**Available data:**

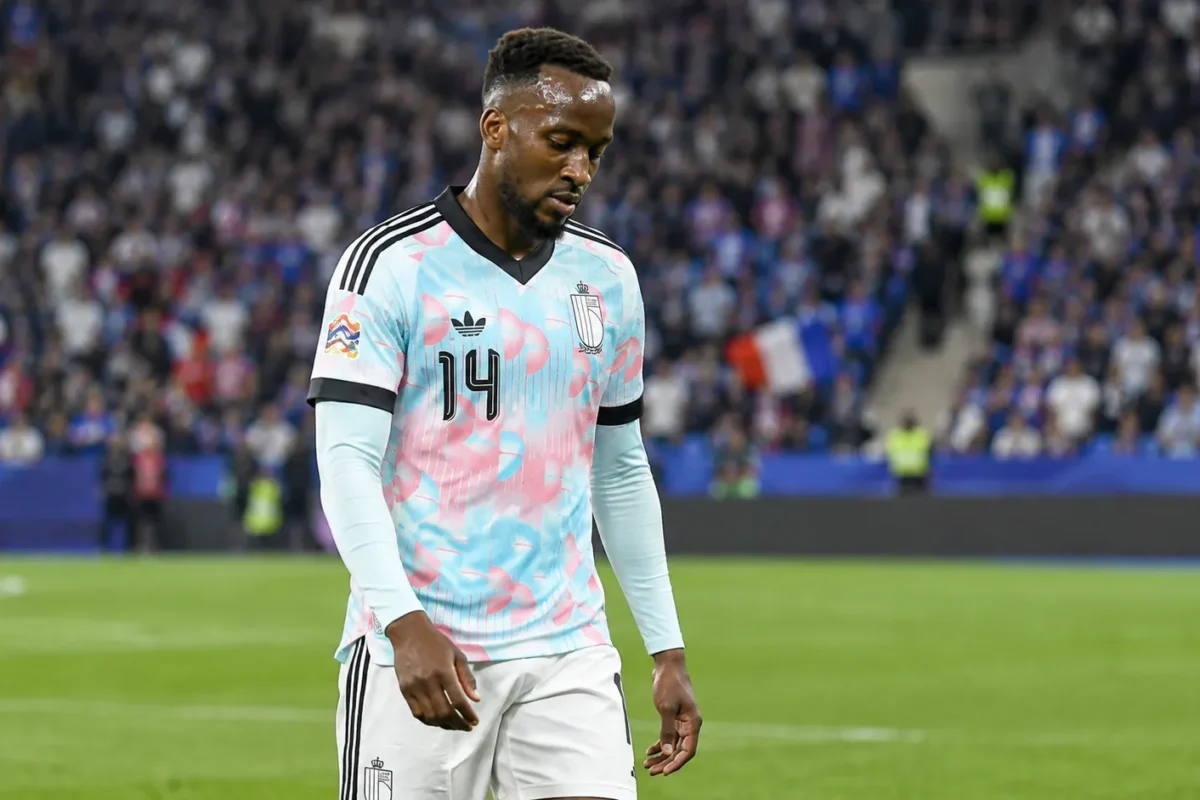 Dodi Lukebakio loopt na de wedstrijd op het veld in zijn Belgische wedstrijdshirt.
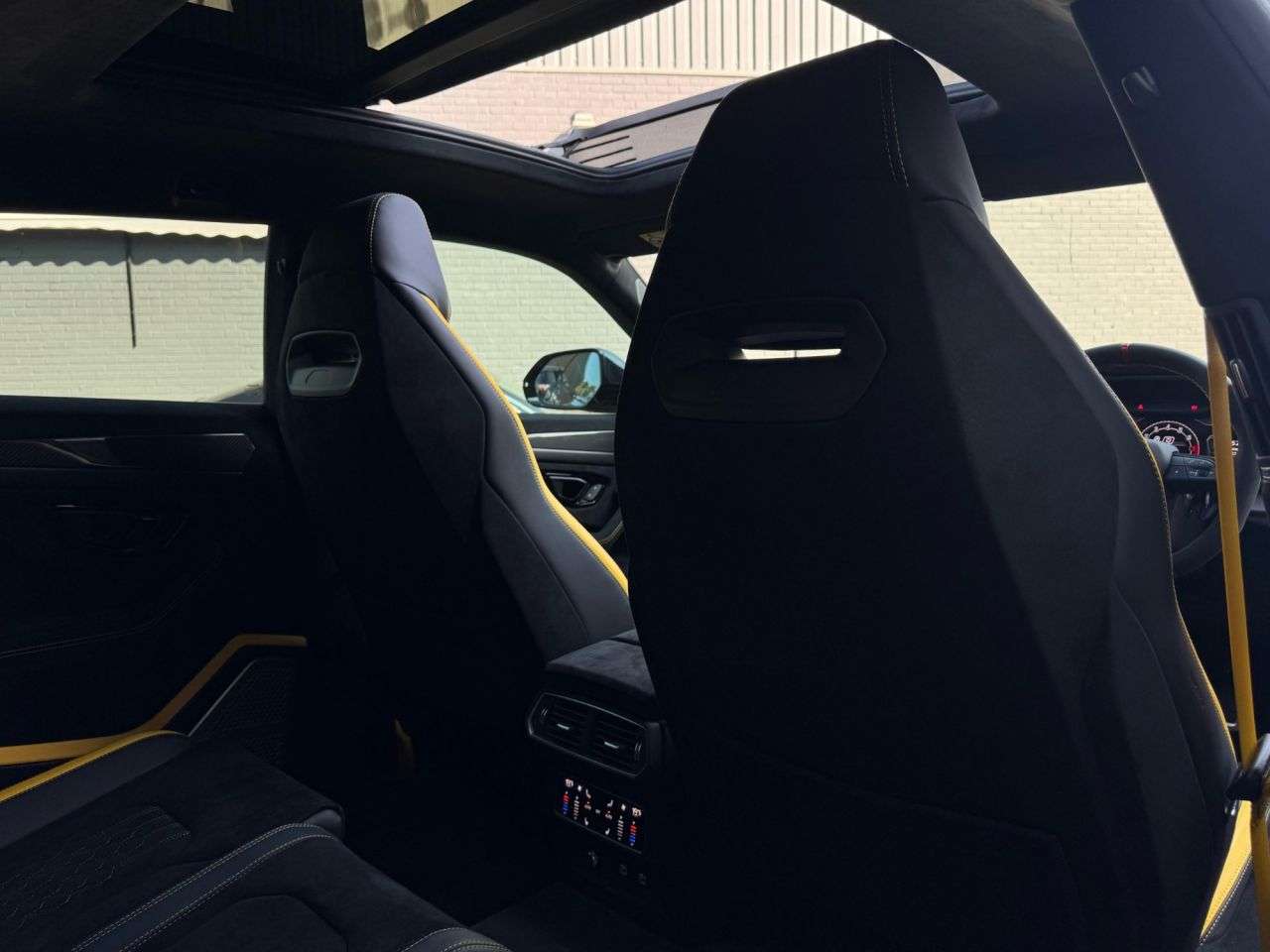 2025 LAMBORGHINI URUS 2025 LAMBORGHINI URUS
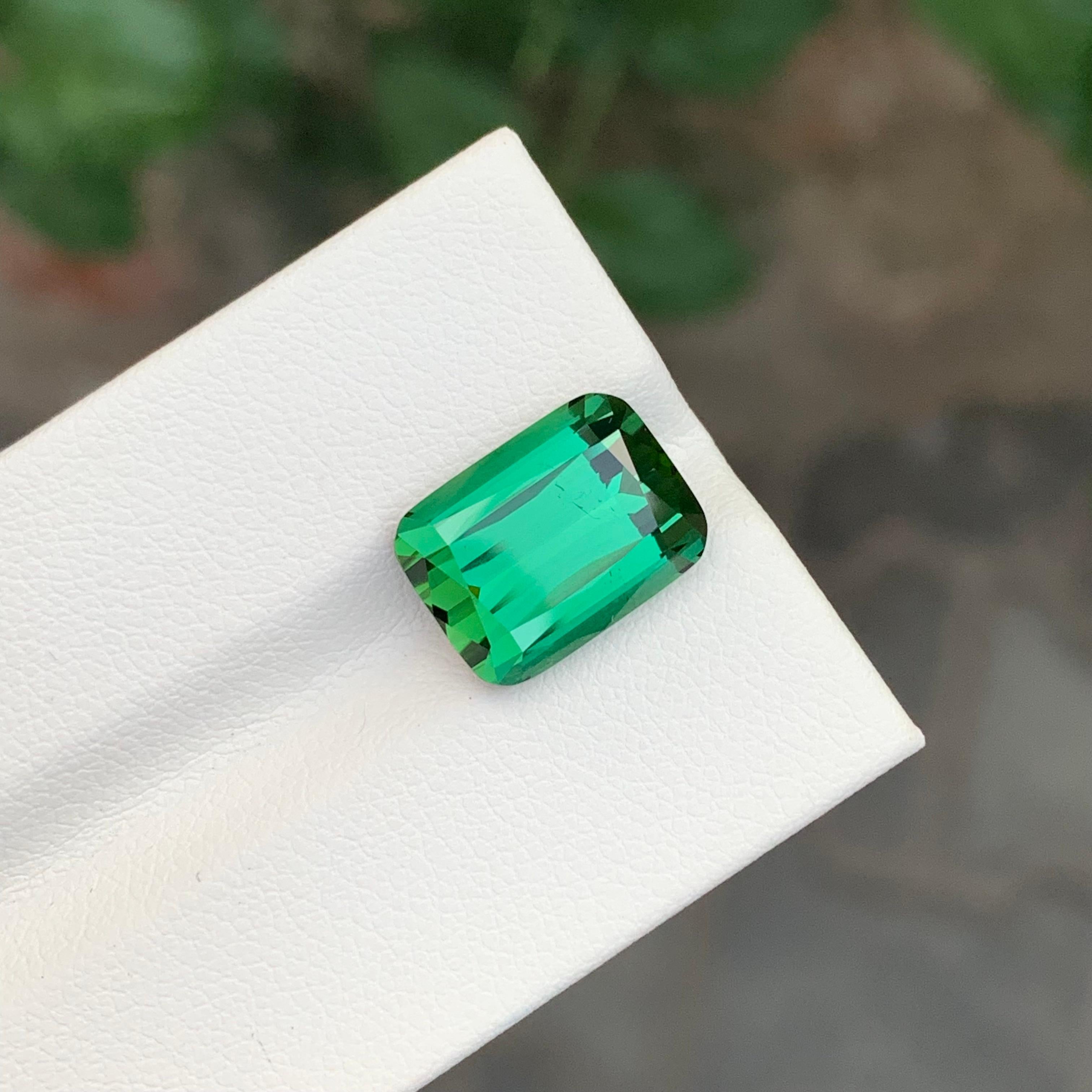 Taille coussin 5.10 Carat Natural Loose Green Tourmaline Cushion Shape Gemstone (Tourmaline verte en forme de coussin) en vente
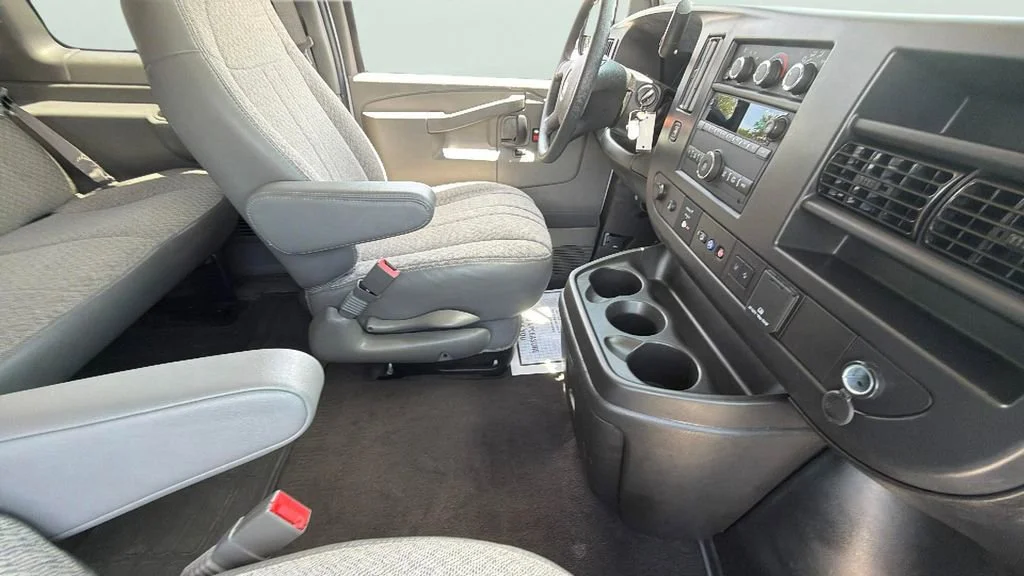 Used 2025 Summit White Chevrolet 1LT image 34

**Work to be completed:** Exactly as they appear, print the lines of the listing above from its first line through the line that contains "Taille coussin 5.10", minus the pictures.

**Response to this task:**
 Dodi Lukebakio loopt na de wedstrijd op het veld in zijn Belgische wedstrijdshirt.
 2025 LAMBORGHINI URUS 2025 LAMBORGHINI URUS
 Taille coussin 5.10 Carat Natural Loose Green Tourmaline Cushion Shape Gemstone (Tourmaline verte en forme de coussin) en vente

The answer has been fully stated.